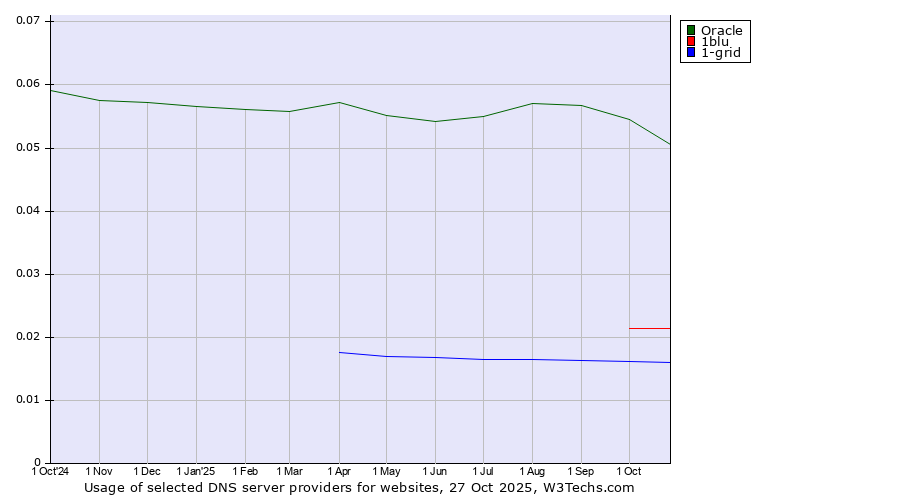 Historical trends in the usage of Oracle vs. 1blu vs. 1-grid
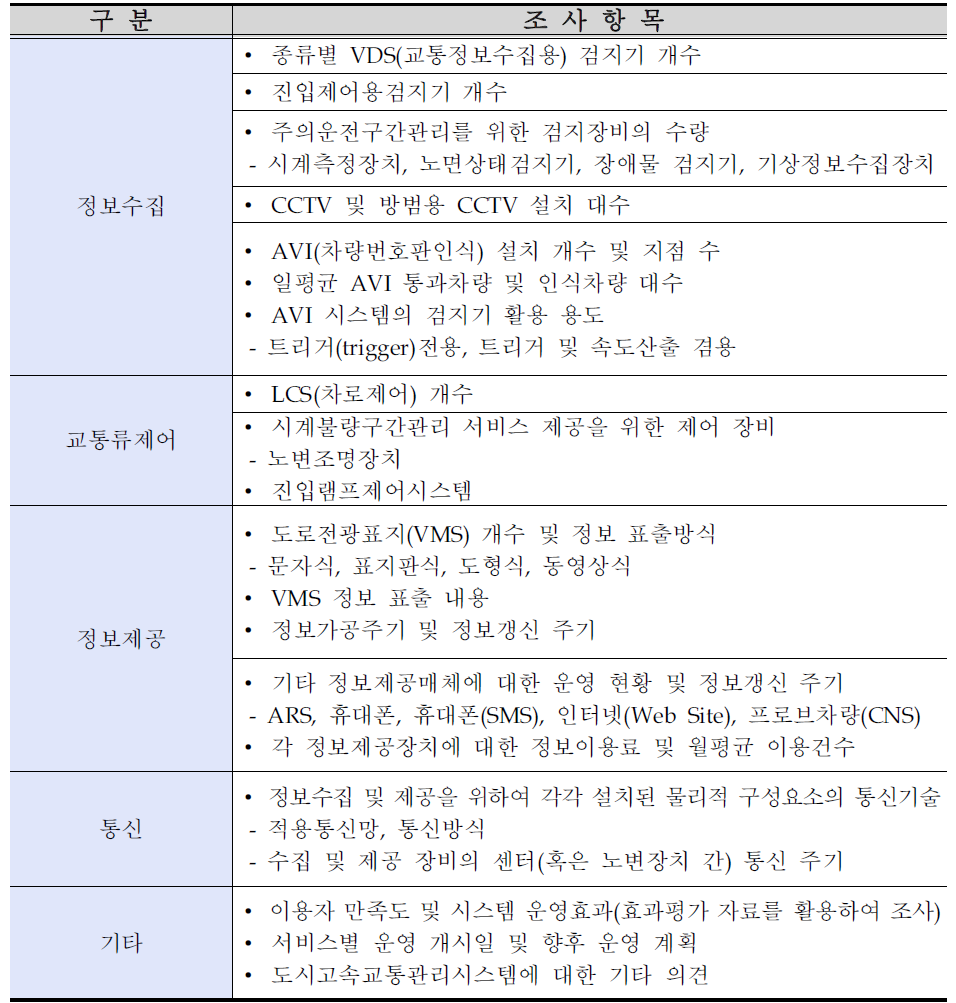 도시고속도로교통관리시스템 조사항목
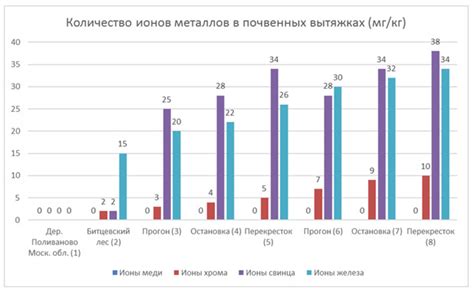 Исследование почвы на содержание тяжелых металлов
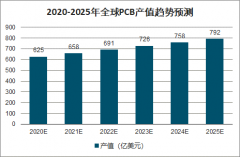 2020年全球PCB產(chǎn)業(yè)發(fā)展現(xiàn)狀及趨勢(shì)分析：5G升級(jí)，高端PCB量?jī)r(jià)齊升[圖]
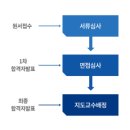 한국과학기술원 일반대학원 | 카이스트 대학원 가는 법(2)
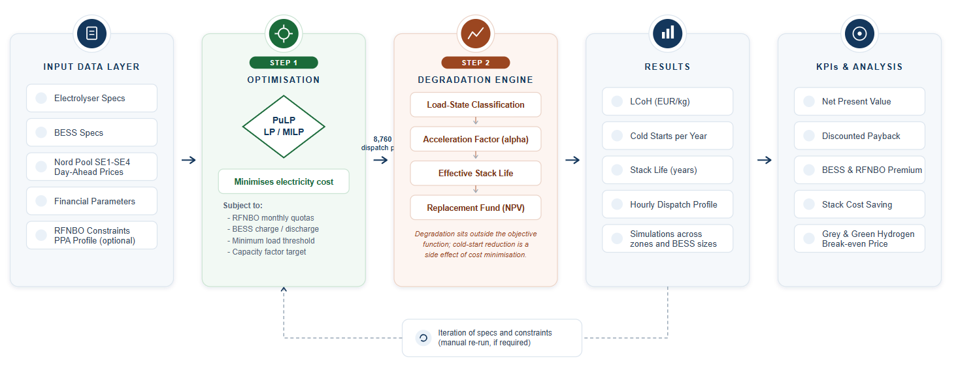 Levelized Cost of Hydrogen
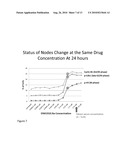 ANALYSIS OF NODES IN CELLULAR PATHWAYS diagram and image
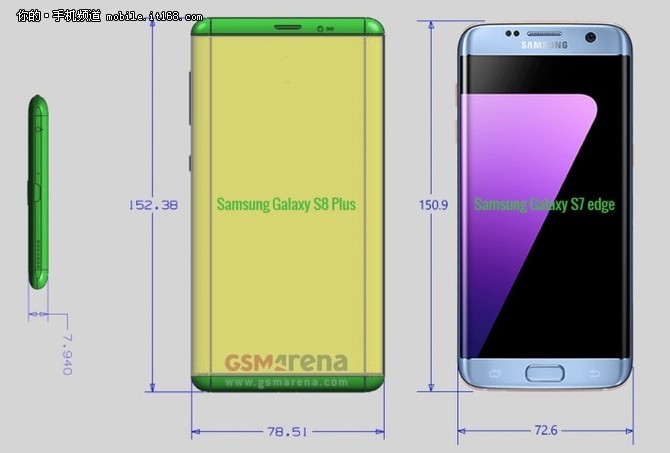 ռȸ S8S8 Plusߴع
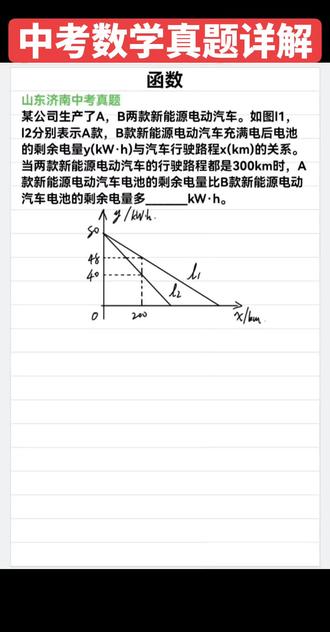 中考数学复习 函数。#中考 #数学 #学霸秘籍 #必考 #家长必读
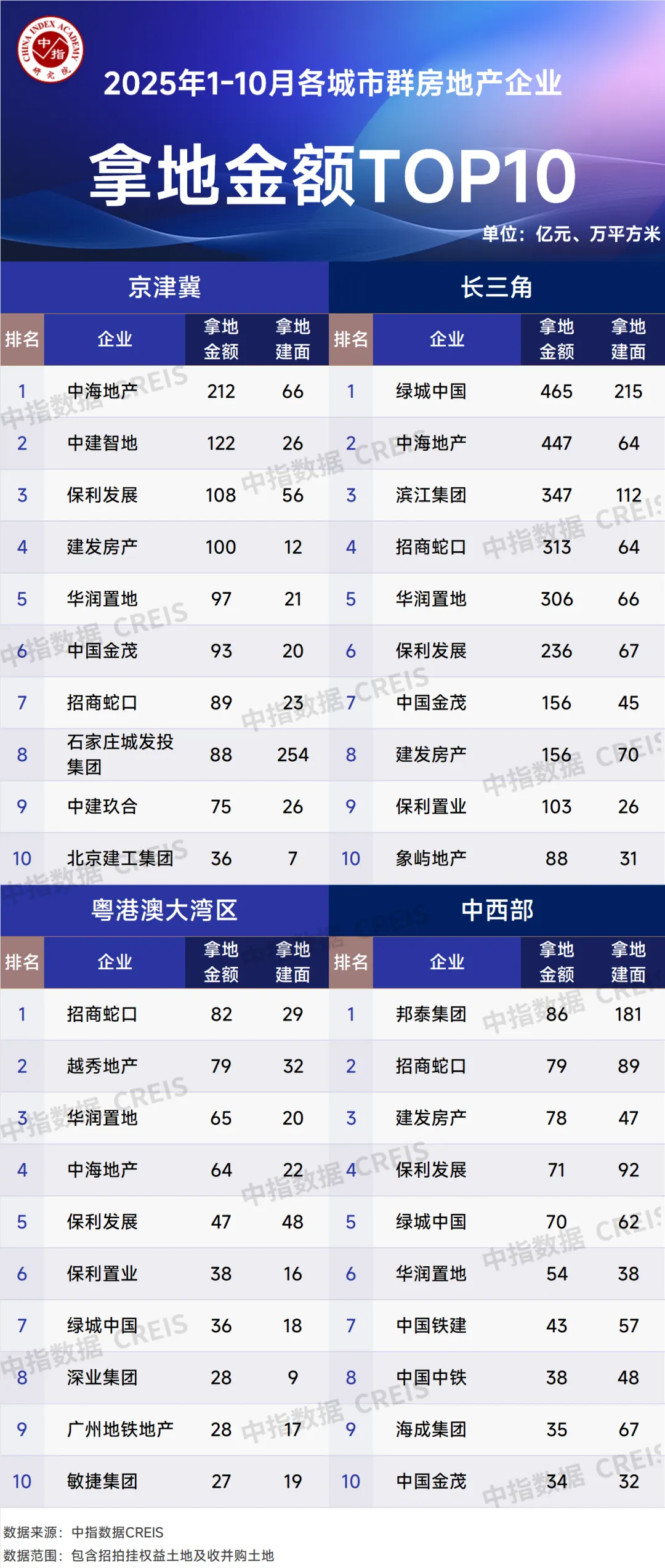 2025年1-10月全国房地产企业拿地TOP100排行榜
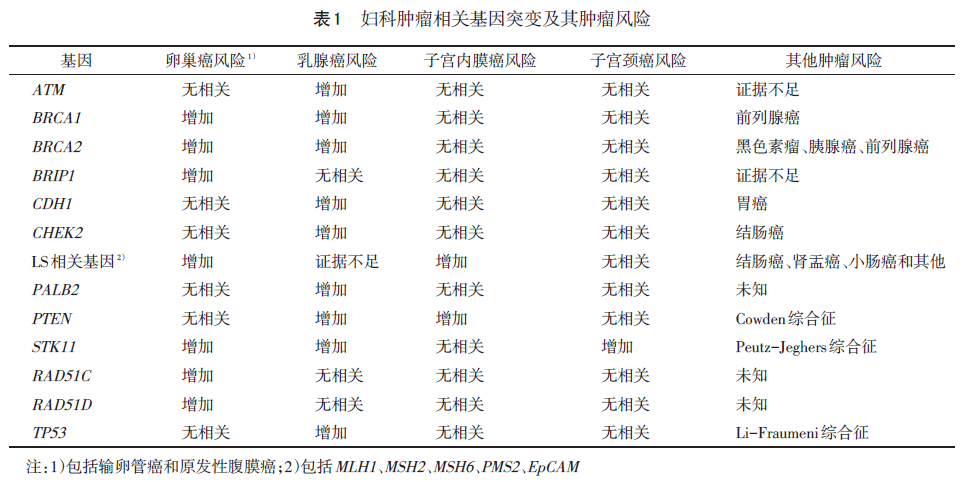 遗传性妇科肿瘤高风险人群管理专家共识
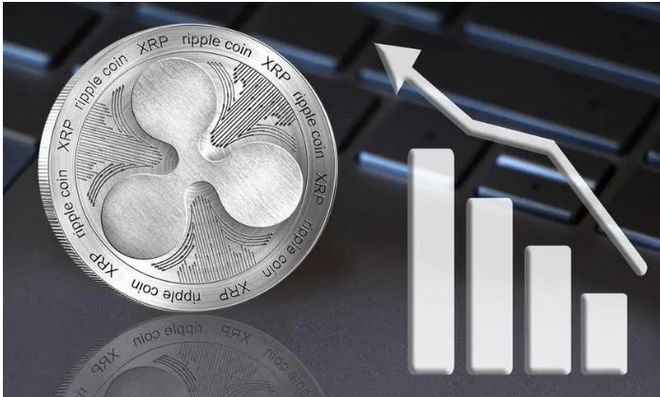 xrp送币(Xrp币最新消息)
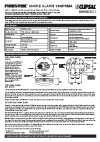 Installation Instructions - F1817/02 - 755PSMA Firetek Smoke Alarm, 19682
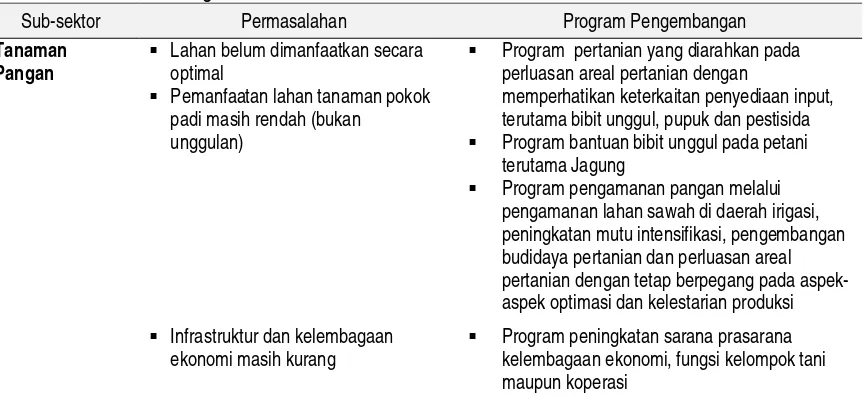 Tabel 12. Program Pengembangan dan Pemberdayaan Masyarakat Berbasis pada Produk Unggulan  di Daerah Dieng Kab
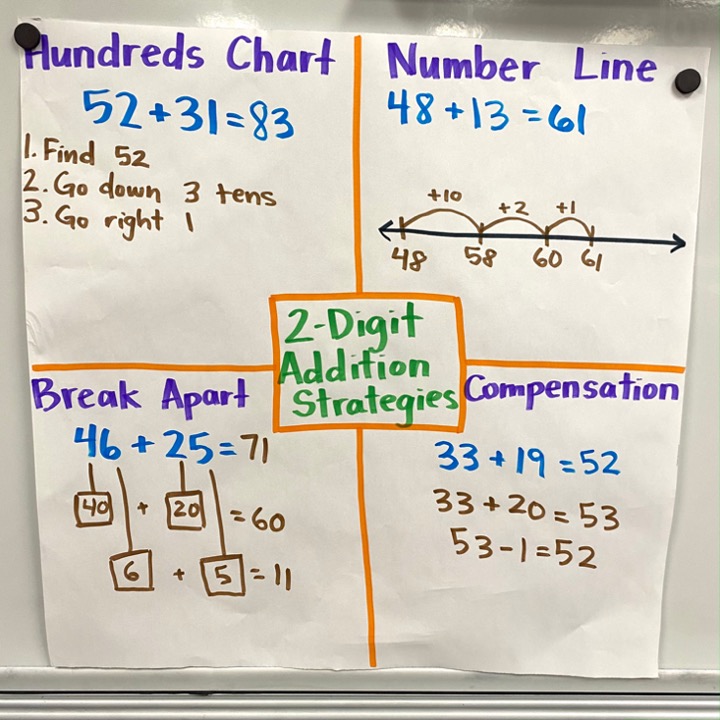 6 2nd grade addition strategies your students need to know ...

> Assigned task
Omit the pictures, and quote the material above exactly as given.

> Reply
 Historical trends in the usage of Oracle vs. 1blu vs. 1-grid
 도시고속도로교통관리시스템 조사항목
 Исследование почвы на содержание тяжелых металлов
 2020年全球PCB產(chǎn)業(yè)發(fā)展現(xiàn)狀及趨勢(shì)分析：5G升級(jí)，高端PCB量?jī)r(jià)齊升[圖]
 한국과학기술원 일반대학원 | 카이스트 대학원 가는 법(2)
 Levelized Cost of Hydrogen
 ANALYSIS OF NODES IN CELLULAR PATHWAYS diagram and image
 ռȸ S8S8 Plusߴع
 中考数学复习 函数。#中考 #数学 #学霸秘籍 #必考 #家长必读
 2025年1-10月全国房地产企业拿地TOP100排行榜
 遗传性妇科肿瘤高风险人群管理专家共识
 xrp送币(Xrp币最新消息)
 Installation Instructions - F1817/02 - 755PSMA Firetek Smoke Alarm, 19682
 Tabel 12. Program Pengembangan dan Pemberdayaan Masyarakat Berbasis pada Produk Unggulan  di Daerah Dieng Kab
 6 2nd grade addition strategies your students need to know ...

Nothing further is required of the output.